At the tender age of 63 (midway to 64), I am in terms of my own earlier stereotype an old person. My father died at age 50 when I was age 11. But as I look at what you write, I am led to offer a working definition, a point of view regarding ‘middle age’, and call it the age of productivity and utility, that is, I am and you are still useful for something. Of course, as a writer and photographer I am given to reflection and meditation. It seems to me there are two main threads of thought about aging and being old. One is that we achieve wisdom, the other that we are past any utility and go into storage waiting for death, particularly in our ‘technifying’ society where utility is defined in how well we relate to new technologies.
I’m interested to know more about your work and experience regarding debt, your work in Bankruptcy and Insolvency. My experience of financial debt was a factor in both spiritual insolvency and moving to the Franciscans, relating to the poverty ideal, both positively and negatively, and a 12-step program called Debtors Anonymous in which I learned both letting go and accepting responsibility.
The Legion? Ah yes, you have not explained ‘Why?’ you were attracted to the Legion. What led you to the Legion? Was there a family member? In my case, although I ‘served’ in Vietnam as a journalist with American and Canadian churches—in part because I attended an international teach-in on Vietnam at the University of Toronto in 1965—
Where I learned about pacifism from Quakers and from American and Canadian Mennonites. I was unwilling (unable may be more correct) to even speak to American veterans for 10 years after the war. Then, the veterans told me I was a veteran as well. And then I met Vietnamese and Russian veterans, heroes of all sides…And had a photo exhibition in the US Congress. I joined the Vietnam Veterans of America.

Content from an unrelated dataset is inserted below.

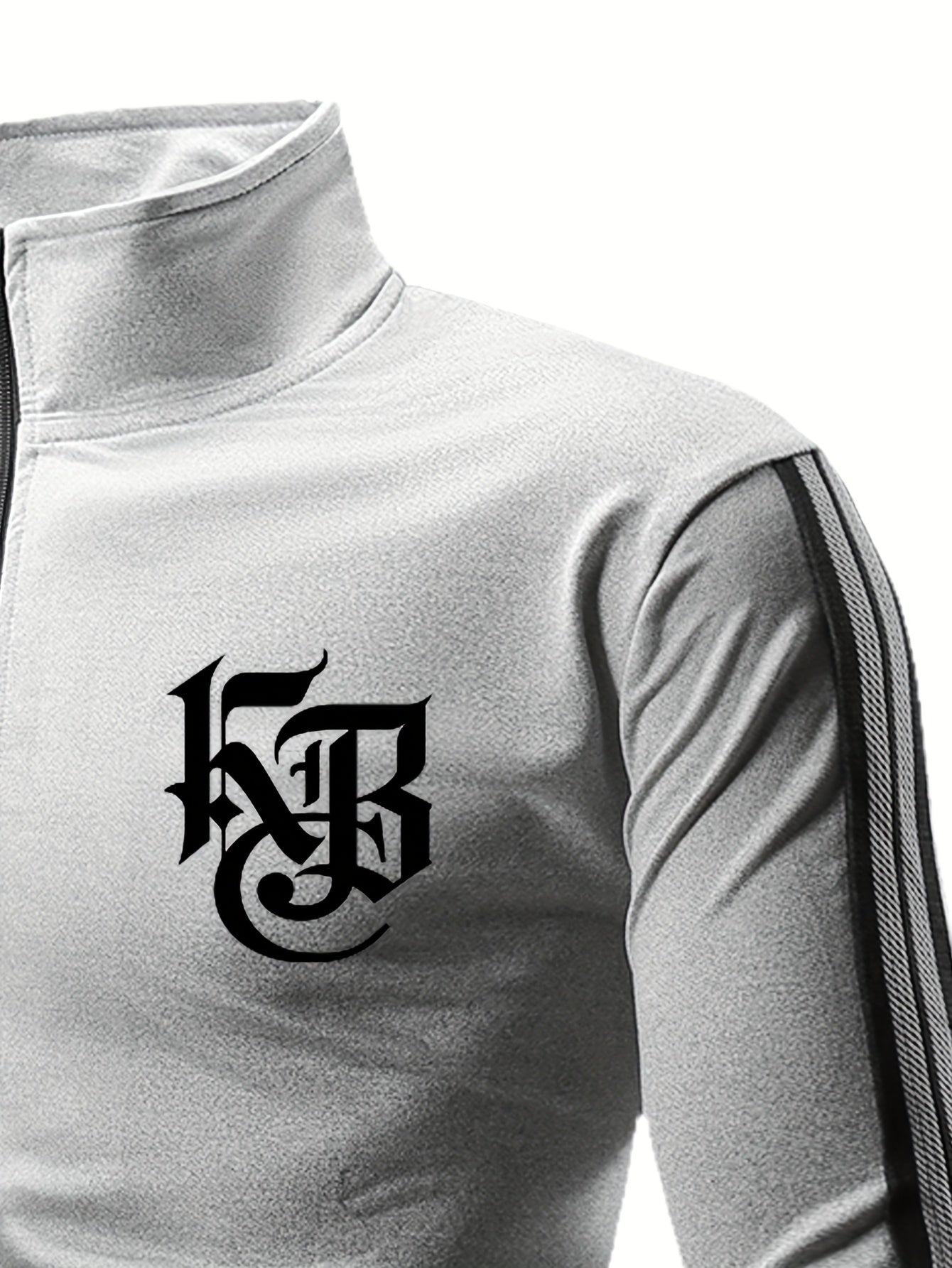 Casual Print Full-Zip Men'S Sportswear Set, Suitable for Gym Workouts And Running, Includes a Long-Sleeve Stand-Up Collar Jacket And Elastic Waist Joggers in a 2pcs Set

Perhaps more importantly I became a practicing Anglican in Vietnam, where my New York boss was John Mullen, an Episcopalian at Church World Service, Bishop Chiu Ban It of Singapore, who led me to Bangkok, Bishop John V. Taylor of Winchester and Canon Subir Biswas of Calcutta, Bishop Bob DeWitt and The Witness, though I was not formally received until 1982 at San Francisco’s Grace Cathedral. Twenty-one years after leaving Saigon to marry in Bangkok (April 1968), I took my two sons back to Bangkok to visit their grandparents and to Hanoi where we prayed at Ho Chi Minh’s mausoleum.
And now it is time to pray, and act, for peace between Christians and Muslims.
about 8 months ago
I feel bad that this posting has been up for 4 years and no one has commented. So I will be the first one to comment and simply say, good for you!